Chapter 48: SQL Best Practices (CB-700 to CB-705)
The CB-700 series detects SQL-specific defect patterns that apply to any project containing SQL files or embedded SQL statements. These checks target the most common sources of data loss, performance degradation, and security vulnerabilities in SQL: unbounded SELECT projections, missing WHERE clauses on destructive operations, implicit Cartesian joins, ambiguous column references, injection vectors, and N+1 query patterns.
Overview
# Run all compliance checks including CB-700 series
pmat comply check
# Example output:
# ⚠ CB-700: SQL Best Practices (CB-700 to CB-705): [Advisory] 0 errors, 4 warnings, 2 info:
# CB-700: SELECT * usage obscures column dependencies (migrations/002_users.sql:12)
# CB-701: DELETE without WHERE clause — data-loss risk (scripts/cleanup.sql:8)
# CB-702: Implicit join (Cartesian product) — use explicit JOIN syntax (queries/report.sql:23)

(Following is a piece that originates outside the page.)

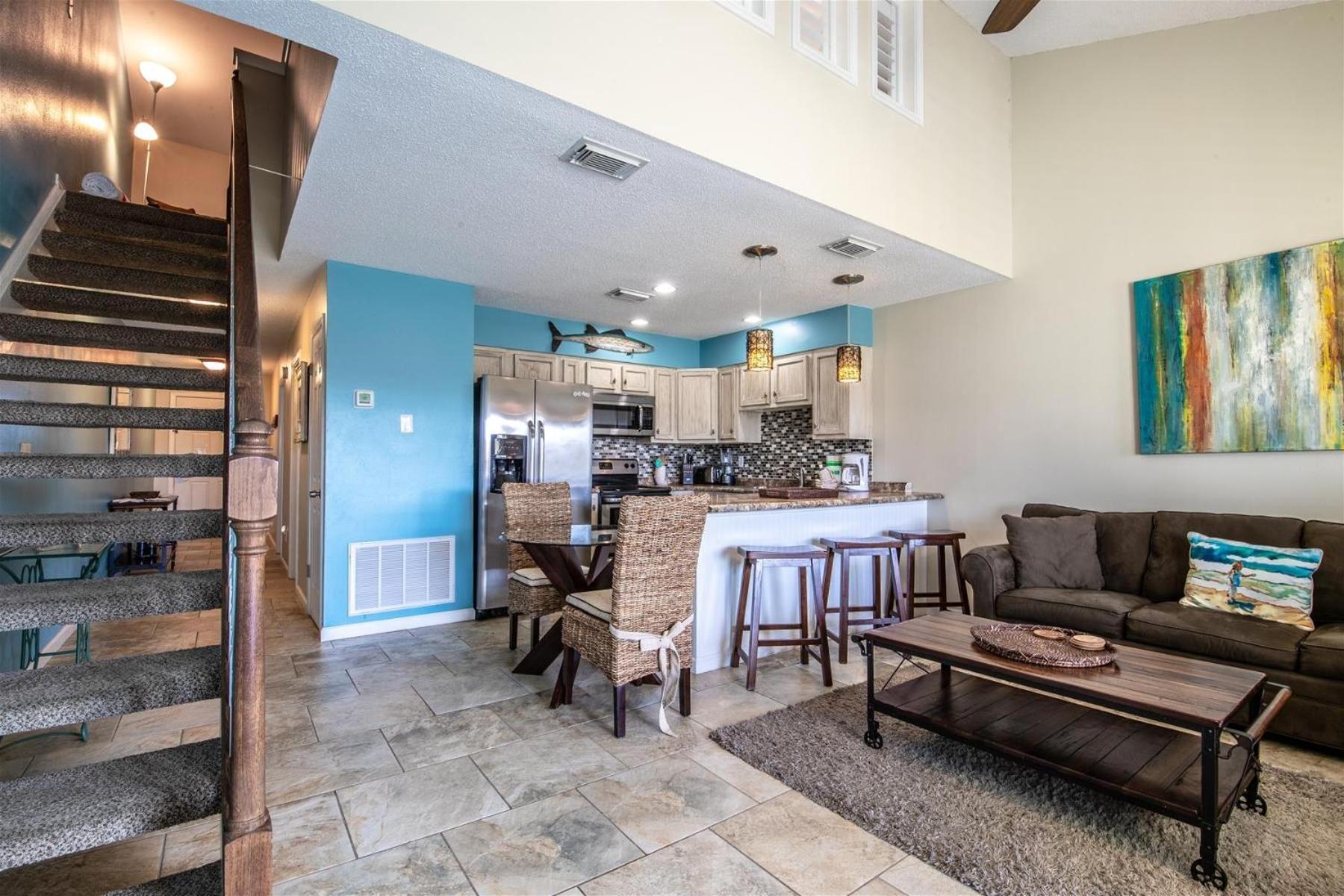 9 G, Two Bedroom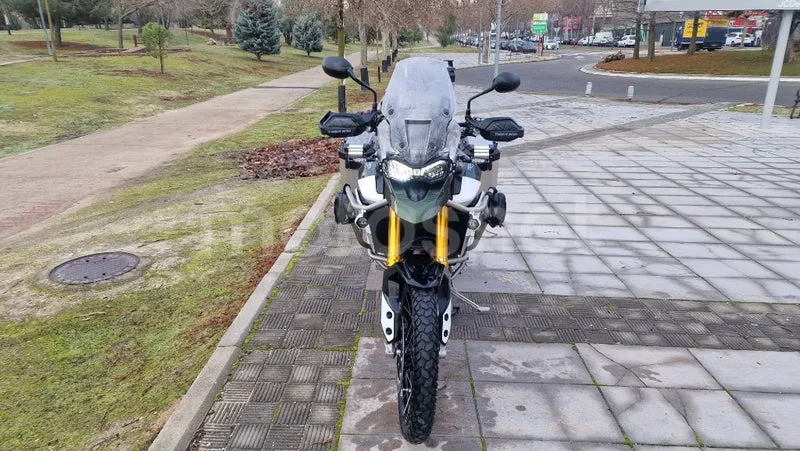 Triumph Tiger 900 – Vista 7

# CB-704: SQL injection risk — string concatenation in query (src/db.py:45)
The CB-700 series is advisory — it reports with Warn status but does not block CI or commits. Violations are categorized into three severity tiers:
| Severity | Meaning | Example |
|---|---|---|
| Error | Likely defect in production | DELETE/UPDATE without WHERE clause |
| Warning | Code smell, should fix | SELECT *, implicit joins, unqualified columns |
| Info | Suggestion, low priority | N+1 query patterns, minor injection risk |
Defect Taxonomy
Data Safety (CB-700, CB-701)
| ID | Check | Severity | What it detects |
|---|---|---|---|
| CB-700 | SELECT * Usage | Warning | SELECT * in SQL files — obscures column dependencies and breaks schema evolution |
| CB-701 | Missing WHERE Clause | Error | UPDATE or DELETE without a WHERE clause — data-loss risk |
Query Structure (CB-702, CB-703)
| ID | Check | Severity | What it detects |
|---|---|---|---|
| CB-702 | Implicit Join (Cartesian Product) | Warning | Comma-separated FROM clauses (FROM a, b) without explicit JOIN syntax |
| CB-703 | Unqualified Column Reference | Warning | Column references without table alias in multi-table queries |
Security & Performance (CB-704, CB-705)
| ID | Check | Severity | What it detects |
|---|---|---|---|
| CB-704 | SQL Injection Risk | Warning | String concatenation in SQL statements suggesting injection vulnerability |
| CB-705 | N+1 Query Pattern | Info | SQL execution inside loops (for/while/foreach/.map), causing O(n) round trips |
Detection Algorithms
CB-700: SELECT * Usage
Detects SELECT * in SQL files. Using SELECT * obscures which columns a query depends on, breaks consumers when the schema changes, and transfers unnecessary data:
-- ❌ SELECT * obscures column dependencies (CB-700 Warning):
SELECT * FROM users;
SELECT * FROM orders WHERE status = 'pending';
-- ✅ Explicit column list:
SELECT id, name, email FROM users;
SELECT order_id, amount, status FROM orders WHERE status = 'pending';
The detector matches SELECT * (case-insensitive) followed by FROM, excluding SELECT COUNT(*) and SELECT EXISTS(*) which are legitimate aggregate patterns.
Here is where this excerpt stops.